PROVIDED DATA START
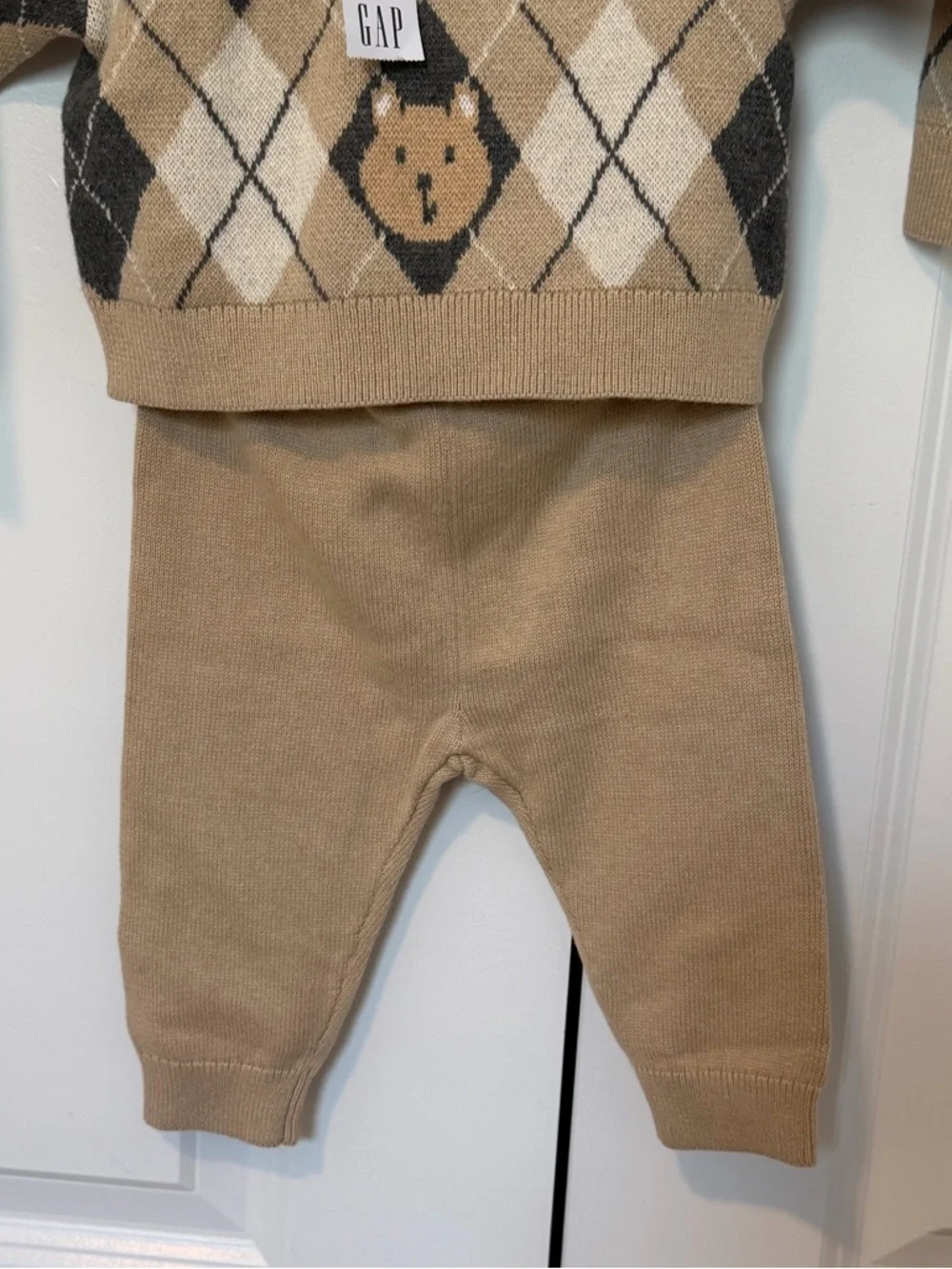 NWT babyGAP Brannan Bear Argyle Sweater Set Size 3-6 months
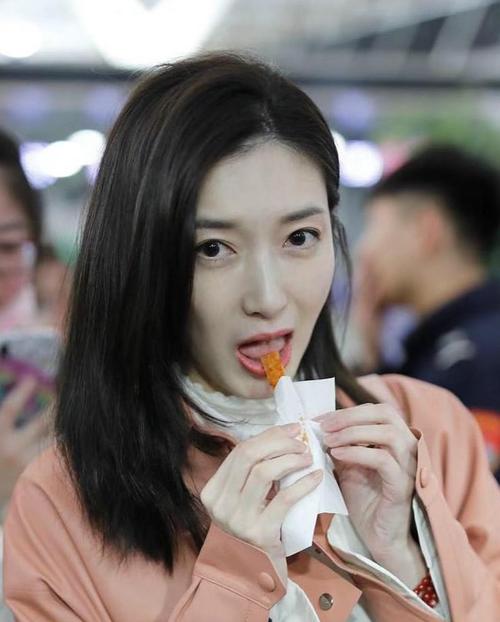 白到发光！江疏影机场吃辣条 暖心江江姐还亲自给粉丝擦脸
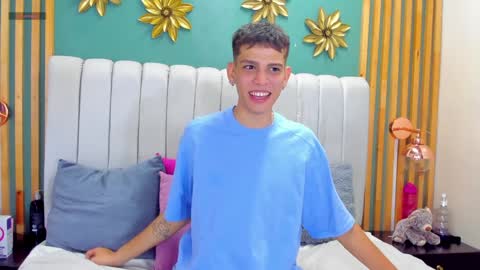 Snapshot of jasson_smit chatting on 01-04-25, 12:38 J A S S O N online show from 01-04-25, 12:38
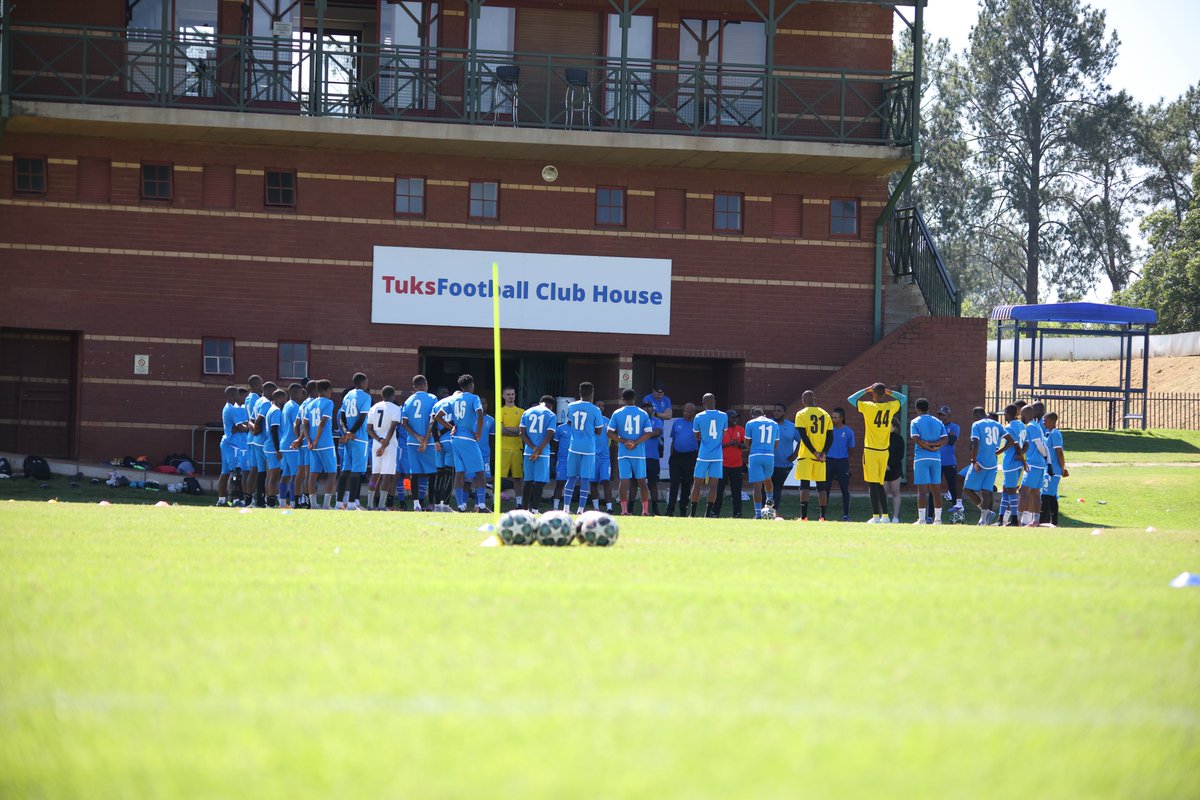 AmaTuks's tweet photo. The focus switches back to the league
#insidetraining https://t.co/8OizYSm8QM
PROVIDED DATA END
| PROBLEM DESCRIPTION |
Leave the pictures out. Output exactly, and only, the lines from the one with "白到发光！江疏影机场吃辣条 暖心江江姐还亲自给粉丝擦脸" through the last line of the listing above, both included.

| WRITTEN REPLY |
 白到发光！江疏影机场吃辣条 暖心江江姐还亲自给粉丝擦脸
 Snapshot of jasson_smit chatting on 01-04-25, 12:38 J A S S O N online show from 01-04-25, 12:38
 AmaTuks's tweet photo. The focus switches back to the league
#insidetraining https://t.co/8OizYSm8QM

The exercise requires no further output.